With increasing number of test performed, the risk of false positive associations similarly increases. To take this into account, we corrected for multiple testing by controlling the false discovery rate at 0.20. By doing so we found that eight of the SNPs evaluated were associated with response to one or both treatments and the majority were functionally and biologically plausible according to current knowledge and previous findings. Given the number of significant associations and the selected FDR of 0.20, approximately two of the reported associations would be expected to be false positives. However, by choosing functional polymorphisms possibly involved in the pathogenesis and treatment of psoriasis, we increased the a priori likelihood of true associations. The SNPs were evaluated for genotyping errors by assessing Hardy–Weinberg equilibrium. This was performed in a control group of healthy Danish blood donors51 as Hardy–Weinberg equilibrium cannot be assessed in the current highly selected study group of patients with psoriasis selected for treatment with biological therapy. The control group was genotyped by the same method at the same laboratory. All SNPs were in Hardy–Weinberg equilibrium. The overall characteristics of the current group resample that of the entire DERMBIO database, apart from a slightly higher proportion of female patients in the current study.

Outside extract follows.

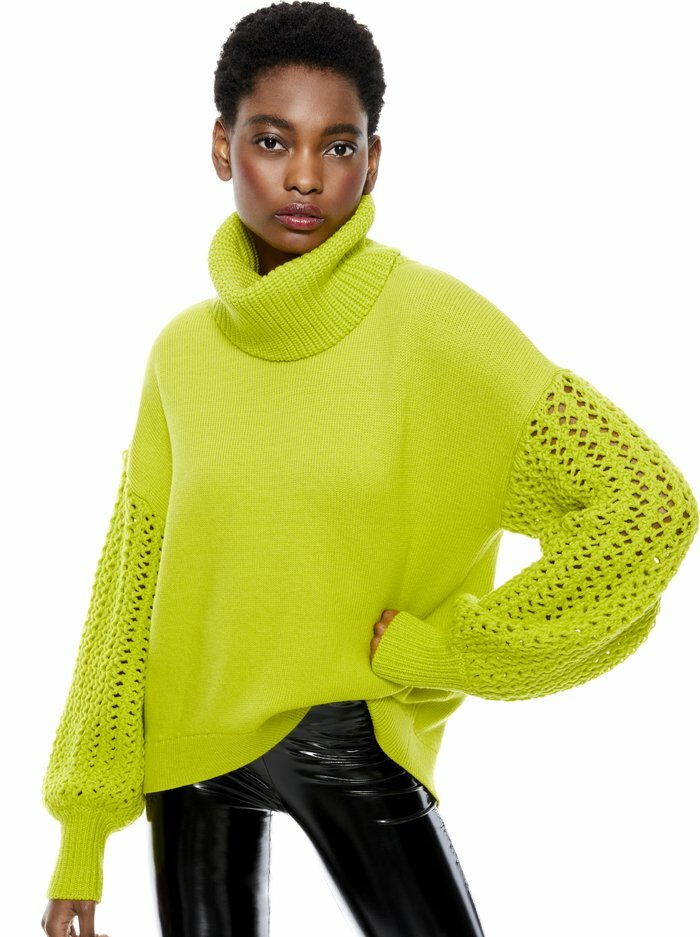 Alice + Olivia Adela Round Hem Turtleneck Sweater Lime Punch / Xs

In conclusion, we have shown that genetic variants in genes that regulate cytokines involved in psoriasis are associated with response when psoriasis is treated with either anti-TNF or ustekinumab. Genetic variants related to elevated levels of IL-1β appear to be unfavorable when treating psoriasis with either anti-TNF or ustekinumab, whereas patients with genetic variants related to a high level of IFN-γ appear to be more likely to respond when being treating with ustekinumab. As none of our results have been associated with response to biological treatment of psoriasis previously, they should be validated in independent cohorts.